[Crawled caption data]
☆ ☆ ☆ ☆ ☆
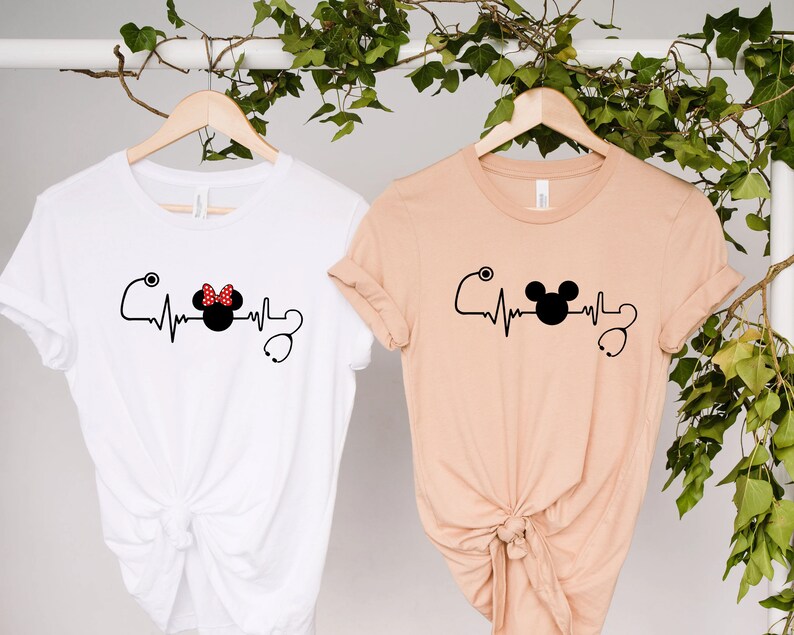 May include: Two t-shirts with a heartbeat graphic featuring a Mickey Mouse head and a Minnie Mouse head with a red polka dot bow. The t-shirts are hanging on hangers against a white background.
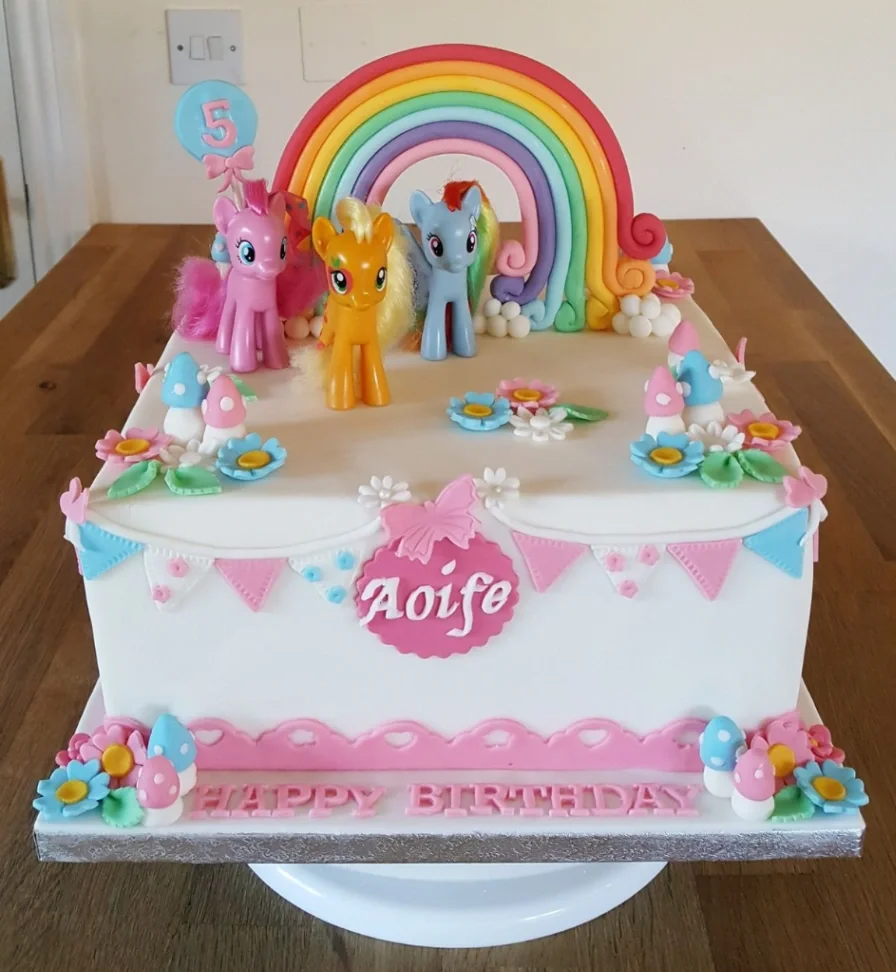 White rectangle fondant cake with My Pony figurines, a large fondant rainbow, and colorful gumpaste flowers and mushrooms. White rectangle fondant cake with My Pony figurines, a large fondant rainbow, and colorful gumpaste flowers and mushrooms.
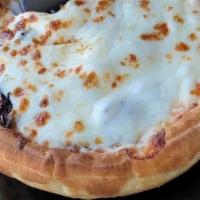 Veggie And Soujok Pizza Pot Pie · Upside down pizza with toppings within a pot pie. Toppings include: soujok (spiced beef saus...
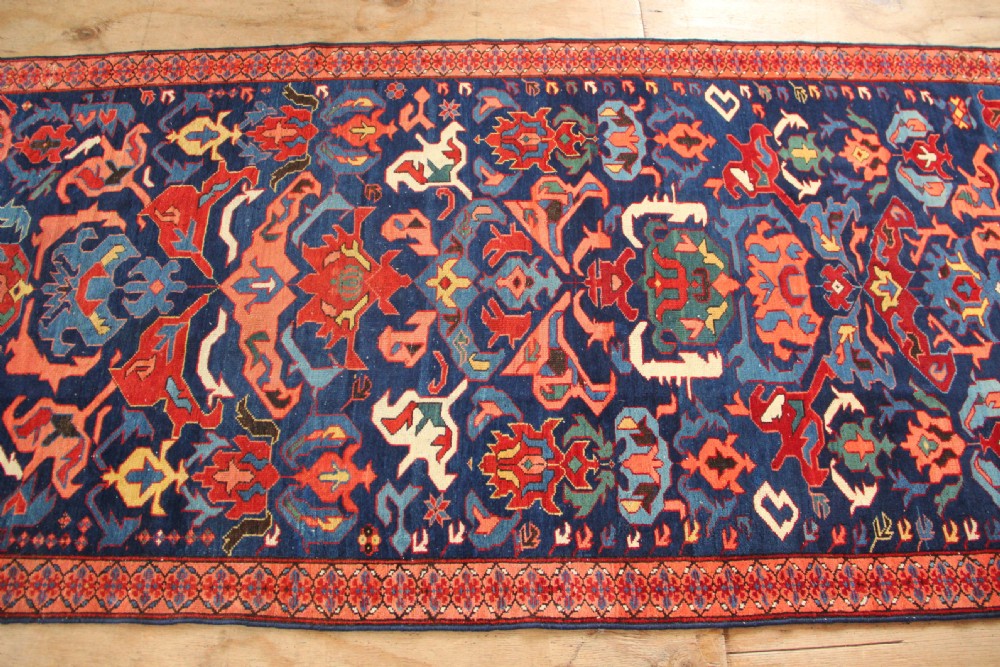 A long hand-knotted antique Caucasian Seychour rug featuring a navy blue field with red and coral geometric cross motifs and a patterned red border. View VI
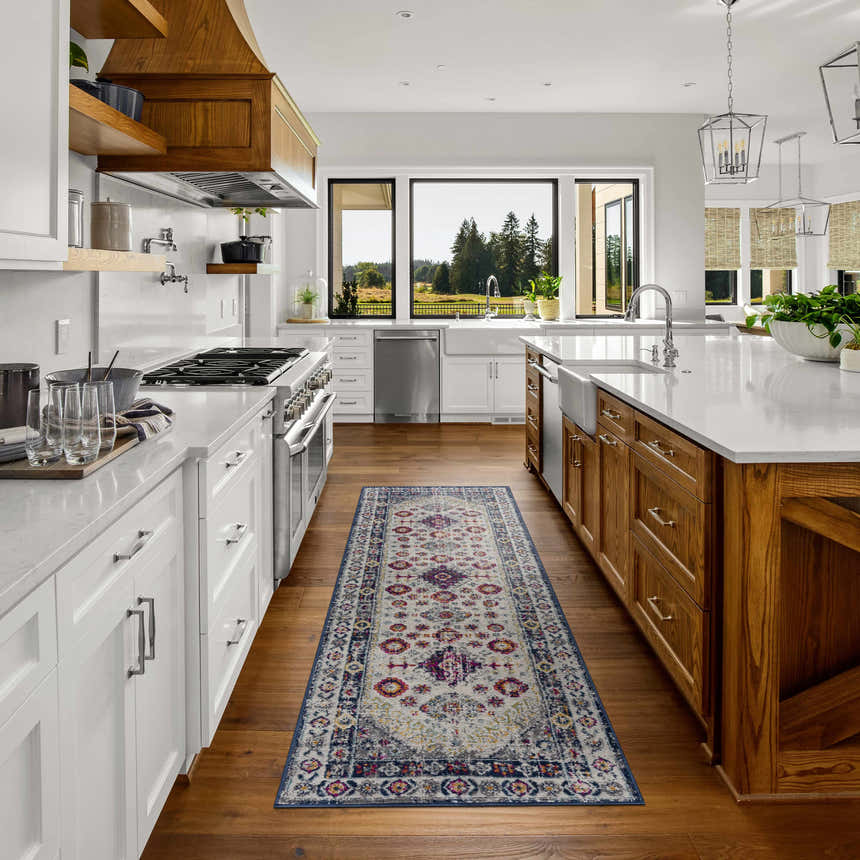 Bright kitchen with white cabinets and wood island featuring Tigrim Beige 2306 runner rug. Roomscene-Runner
☆ ☆ ☆ ☆ ☆
When you print the entries, keep every line exactly as it is and drop the pictures.

> **Result for this exercise**
 May include: Two t-shirts with a heartbeat graphic featuring a Mickey Mouse head and a Minnie Mouse head with a red polka dot bow. The t-shirts are hanging on hangers against a white background.
 White rectangle fondant cake with My Pony figurines, a large fondant rainbow, and colorful gumpaste flowers and mushrooms. White rectangle fondant cake with My Pony figurines, a large fondant rainbow, and colorful gumpaste flowers and mushrooms.
 Veggie And Soujok Pizza Pot Pie · Upside down pizza with toppings within a pot pie. Toppings include: soujok (spiced beef saus...
 A long hand-knotted antique Caucasian Seychour rug featuring a navy blue field with red and coral geometric cross motifs and a patterned red border. View VI
 Bright kitchen with white cabinets and wood island featuring Tigrim Beige 2306 runner rug. Roomscene-Runner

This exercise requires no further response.